▸ What the task asks
Please restate the records below word for word, leaving out every picture.

::: Exercise input

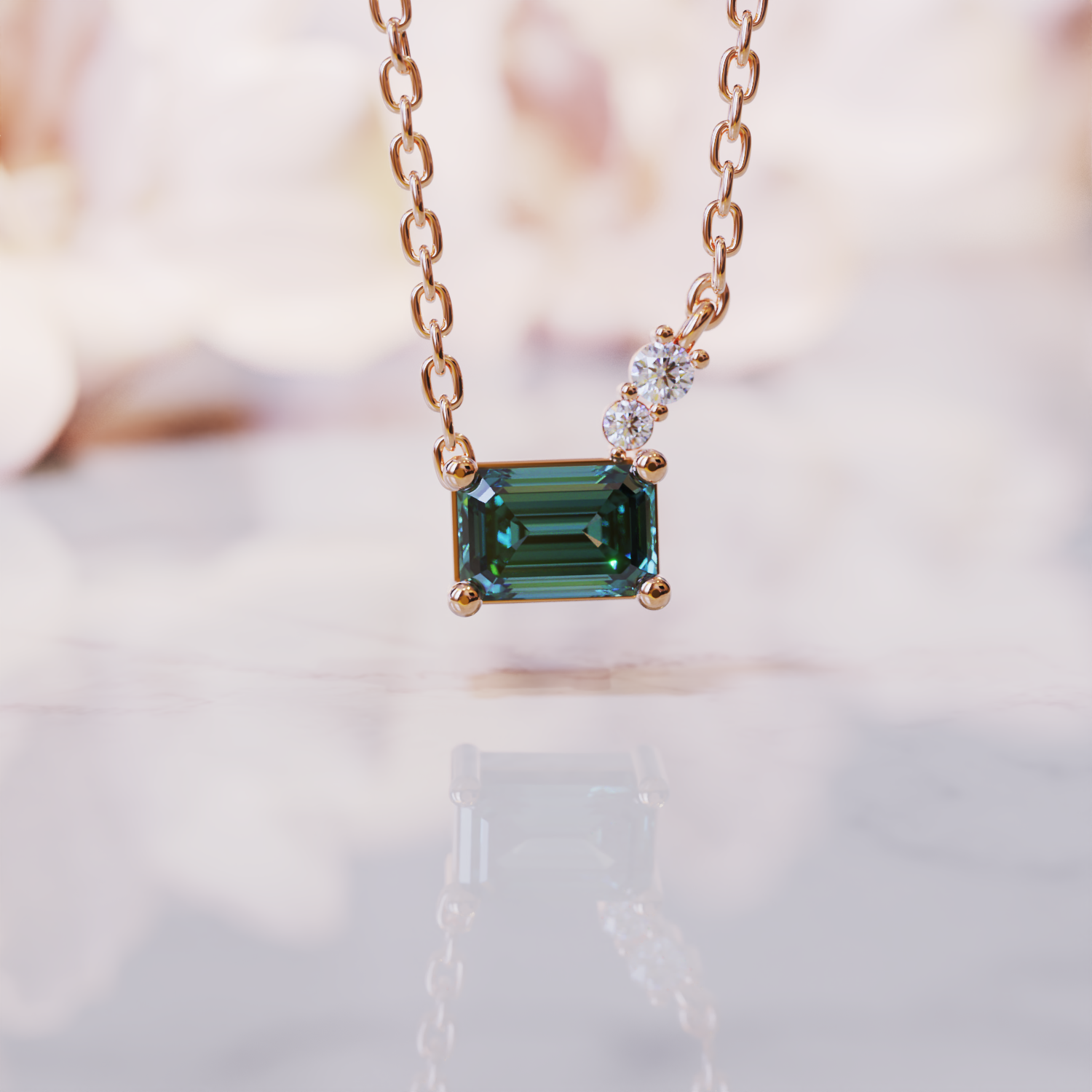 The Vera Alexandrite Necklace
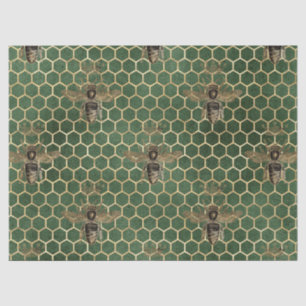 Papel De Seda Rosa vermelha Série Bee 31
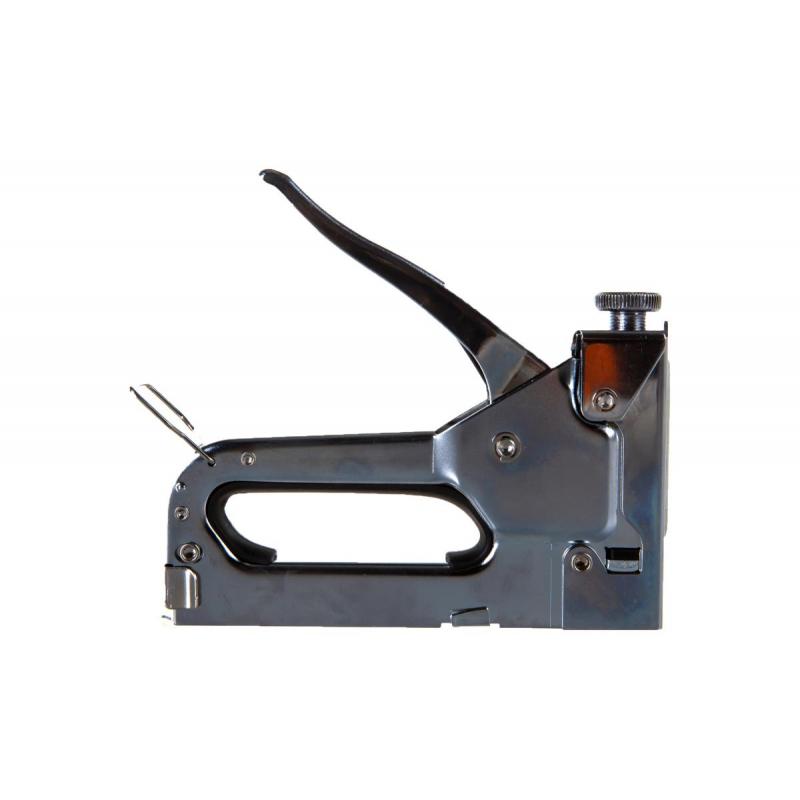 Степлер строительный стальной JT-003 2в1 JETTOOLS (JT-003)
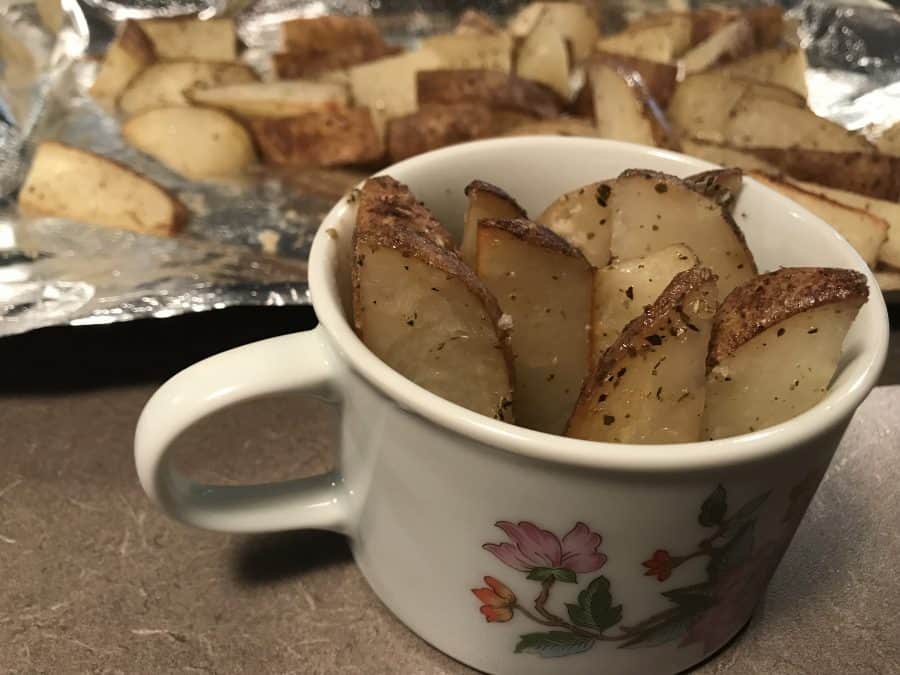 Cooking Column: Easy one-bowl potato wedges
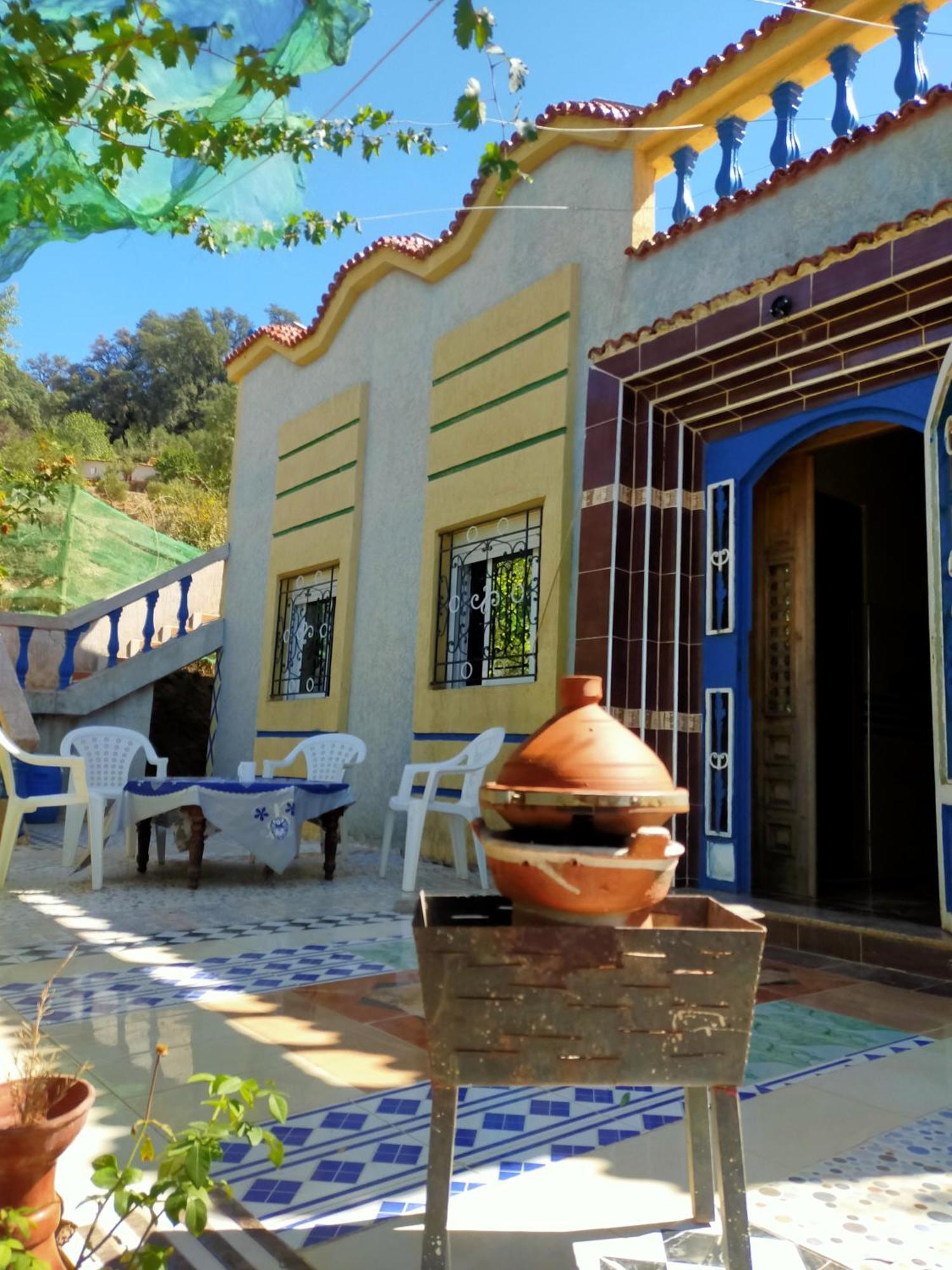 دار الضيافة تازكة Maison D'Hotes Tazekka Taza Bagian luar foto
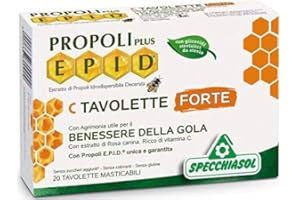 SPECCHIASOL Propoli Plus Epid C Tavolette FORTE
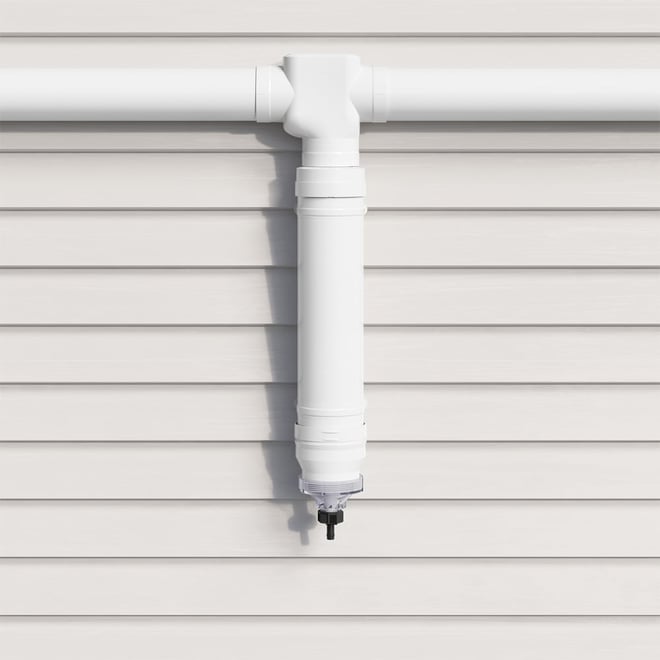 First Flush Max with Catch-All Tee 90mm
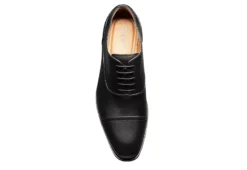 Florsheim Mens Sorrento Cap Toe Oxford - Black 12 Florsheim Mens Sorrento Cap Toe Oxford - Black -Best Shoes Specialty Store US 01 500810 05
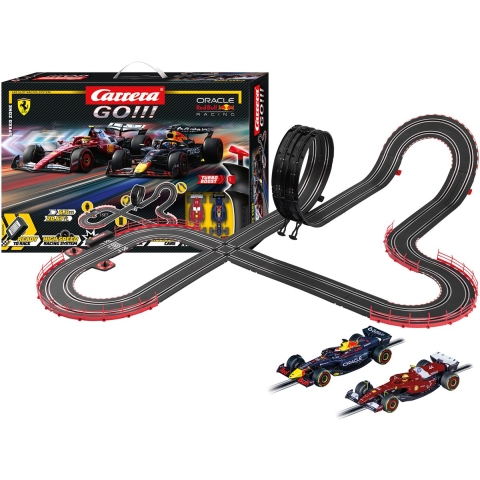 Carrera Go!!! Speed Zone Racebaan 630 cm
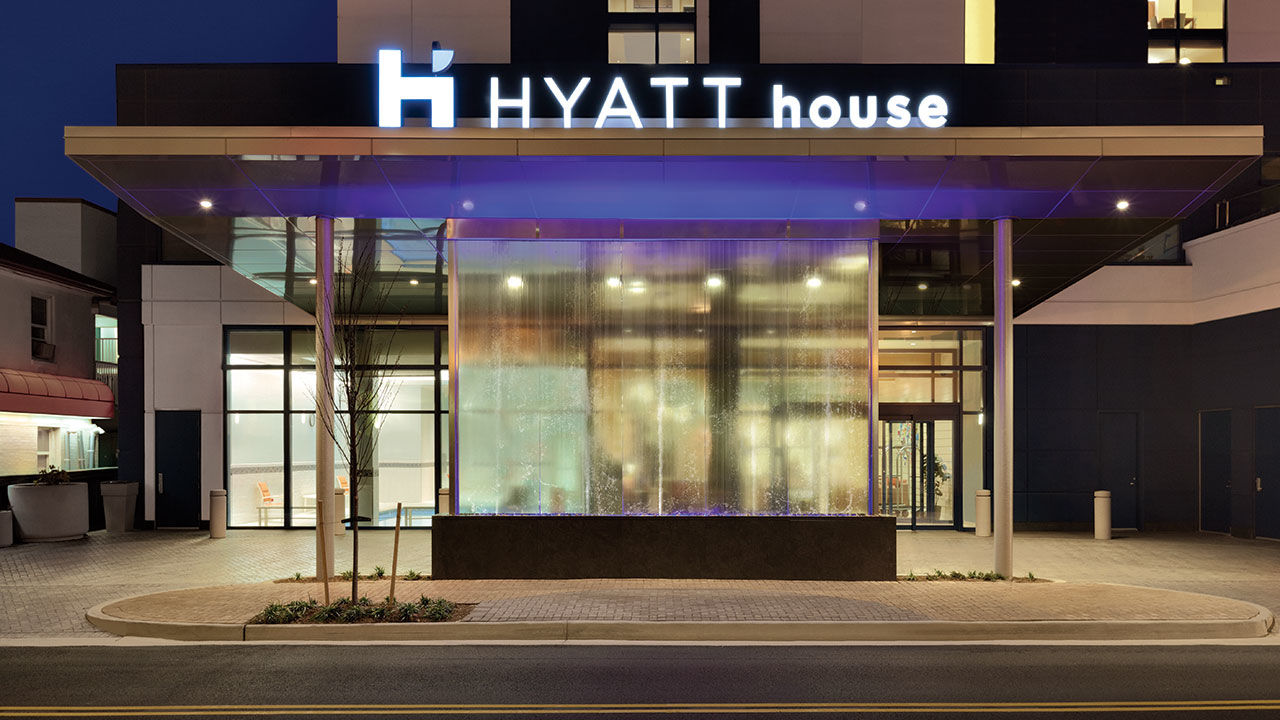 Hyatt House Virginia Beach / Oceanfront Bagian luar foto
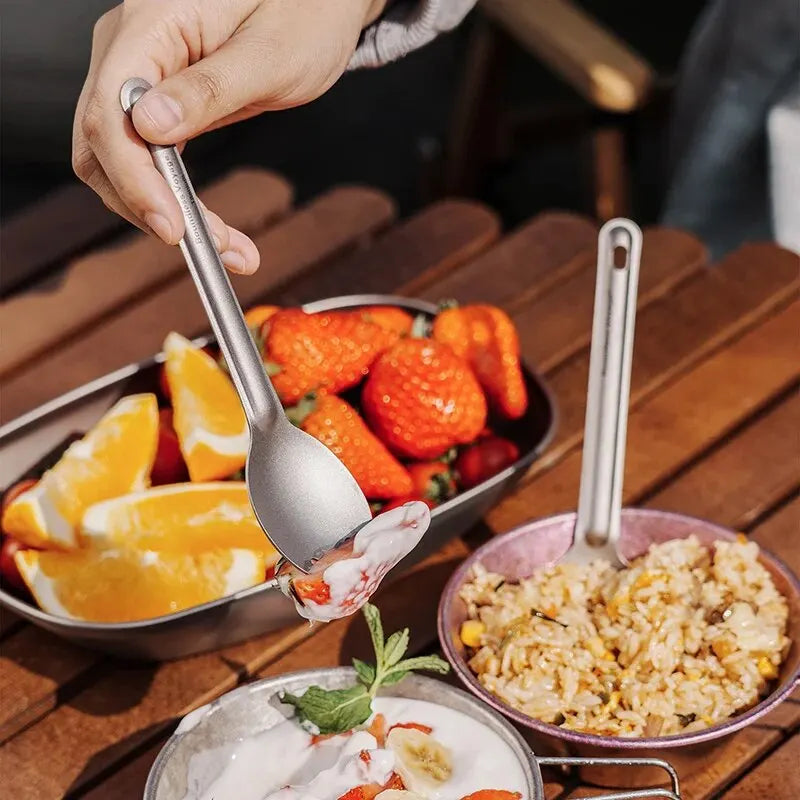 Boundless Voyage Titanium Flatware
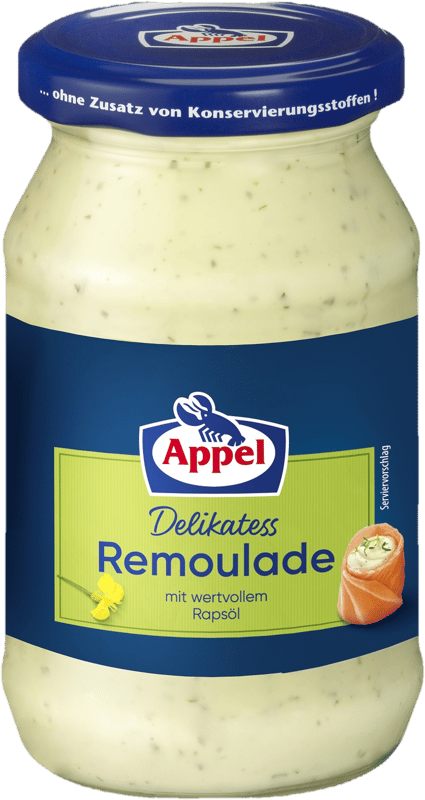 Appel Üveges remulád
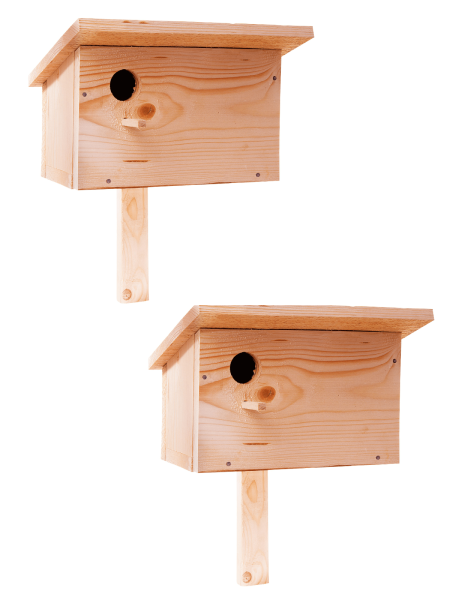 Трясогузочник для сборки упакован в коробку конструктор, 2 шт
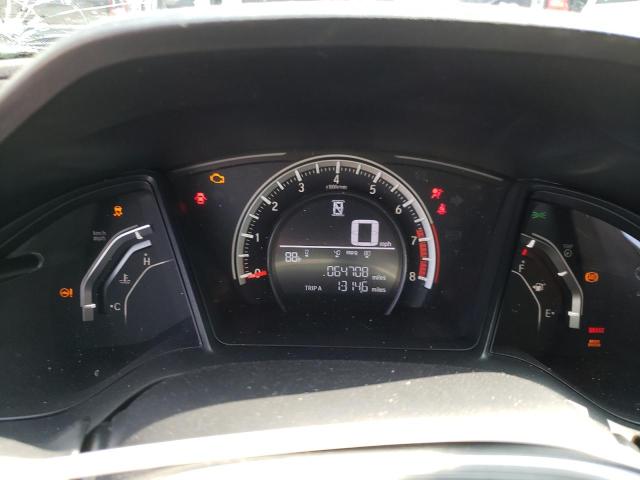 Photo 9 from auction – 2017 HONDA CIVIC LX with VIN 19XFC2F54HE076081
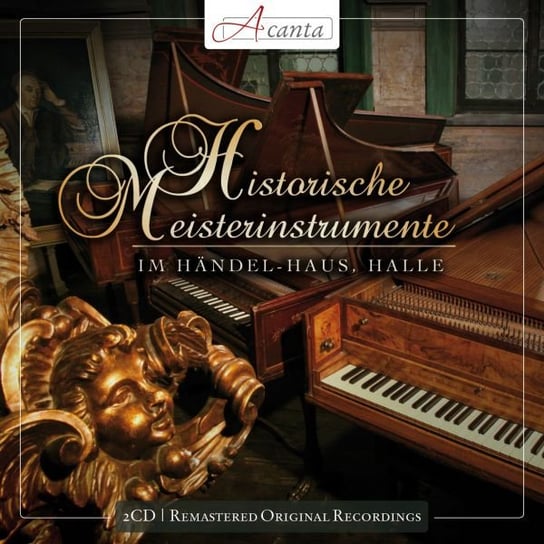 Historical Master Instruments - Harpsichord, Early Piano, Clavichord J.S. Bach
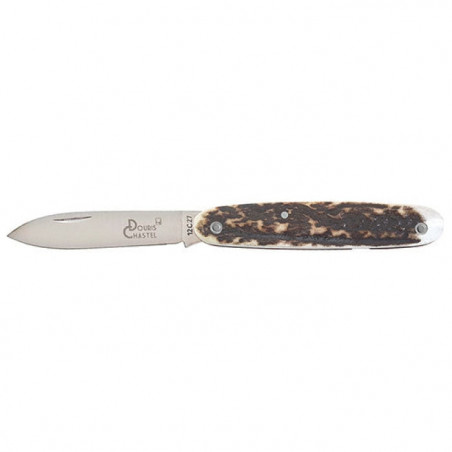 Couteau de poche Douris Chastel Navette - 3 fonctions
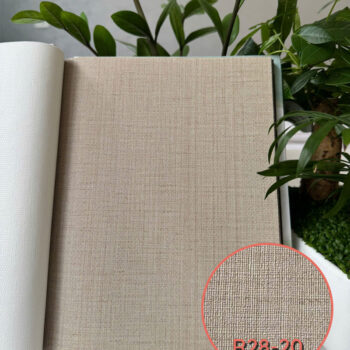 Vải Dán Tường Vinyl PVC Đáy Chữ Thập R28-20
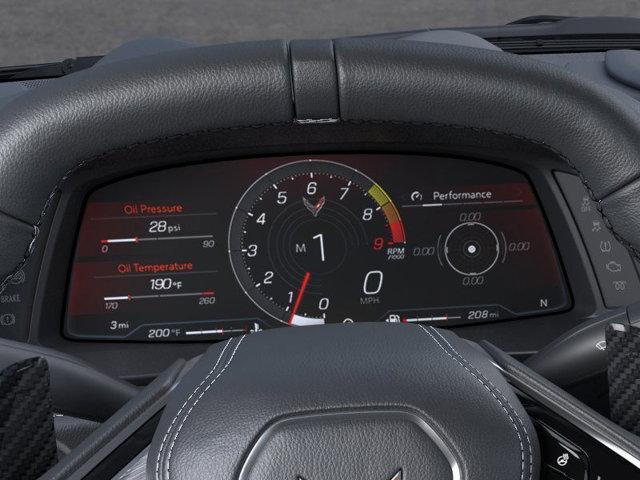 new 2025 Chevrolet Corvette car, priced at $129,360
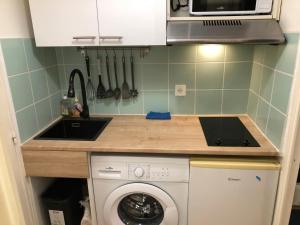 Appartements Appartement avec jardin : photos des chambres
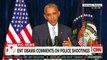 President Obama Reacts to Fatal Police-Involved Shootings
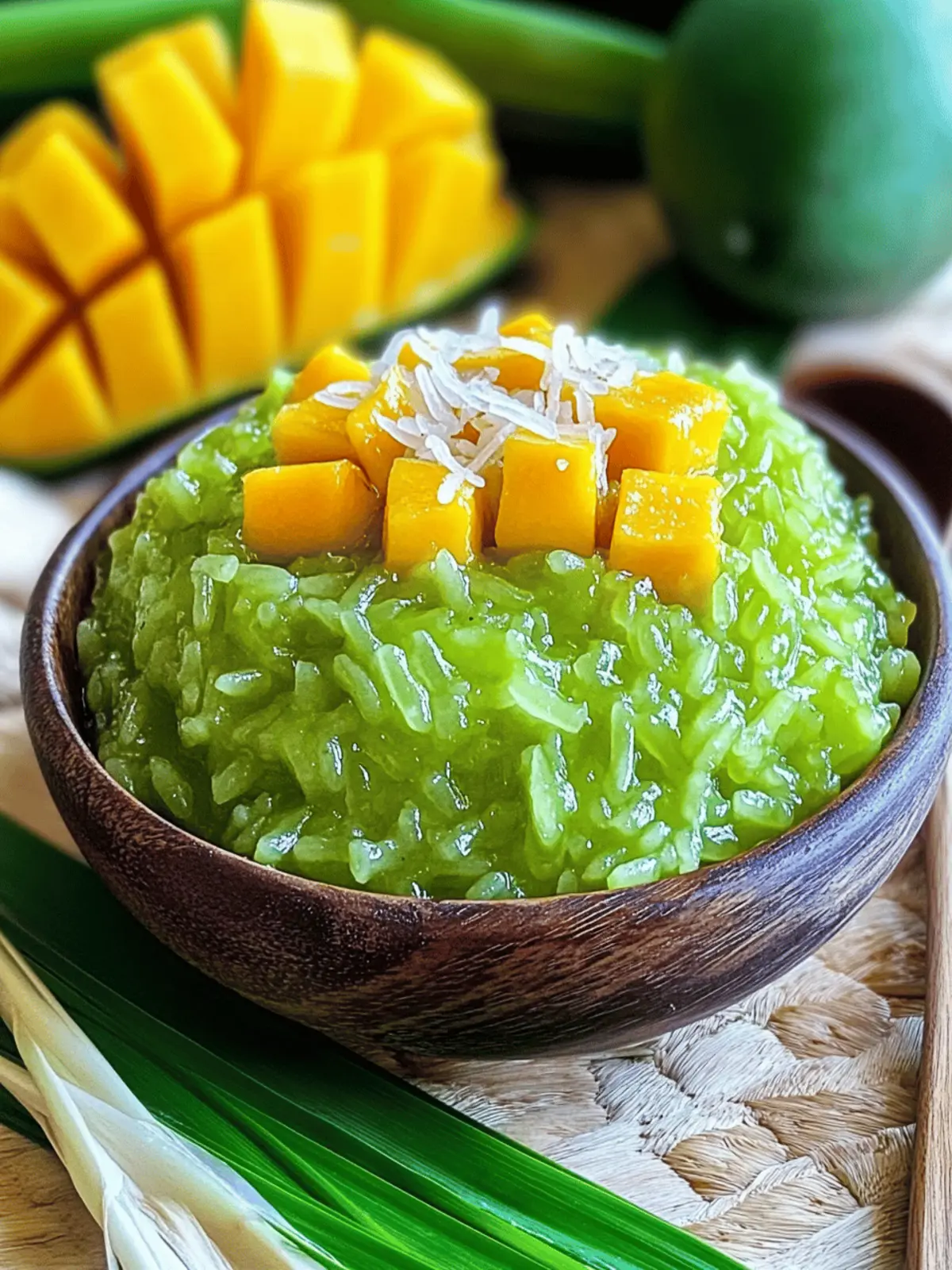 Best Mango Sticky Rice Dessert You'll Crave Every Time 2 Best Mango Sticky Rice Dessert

::::::

▸ Answer to this exercise
 The Vera Alexandrite Necklace
 Papel De Seda Rosa vermelha Série Bee 31
 Степлер строительный стальной JT-003 2в1 JETTOOLS (JT-003)
 Cooking Column: Easy one-bowl potato wedges
 دار الضيافة تازكة Maison D'Hotes Tazekka Taza Bagian luar foto
 SPECCHIASOL Propoli Plus Epid C Tavolette FORTE
 First Flush Max with Catch-All Tee 90mm
 Florsheim Mens Sorrento Cap Toe Oxford - Black 12 Florsheim Mens Sorrento Cap Toe Oxford - Black -Best Shoes Specialty Store US 01 500810 05
 Carrera Go!!! Speed Zone Racebaan 630 cm
 Hyatt House Virginia Beach / Oceanfront Bagian luar foto
 Boundless Voyage Titanium Flatware
 Appel Üveges remulád
 Трясогузочник для сборки упакован в коробку конструктор, 2 шт
 Photo 9 from auction – 2017 HONDA CIVIC LX with VIN 19XFC2F54HE076081
 Historical Master Instruments - Harpsichord, Early Piano, Clavichord J.S. Bach
 Couteau de poche Douris Chastel Navette - 3 fonctions
 Vải Dán Tường Vinyl PVC Đáy Chữ Thập R28-20
 new 2025 Chevrolet Corvette car, priced at $129,360
 Appartements Appartement avec jardin : photos des chambres
 President Obama Reacts to Fatal Police-Involved Shootings
 Best Mango Sticky Rice Dessert You'll Crave Every Time 2 Best Mango Sticky Rice Dessert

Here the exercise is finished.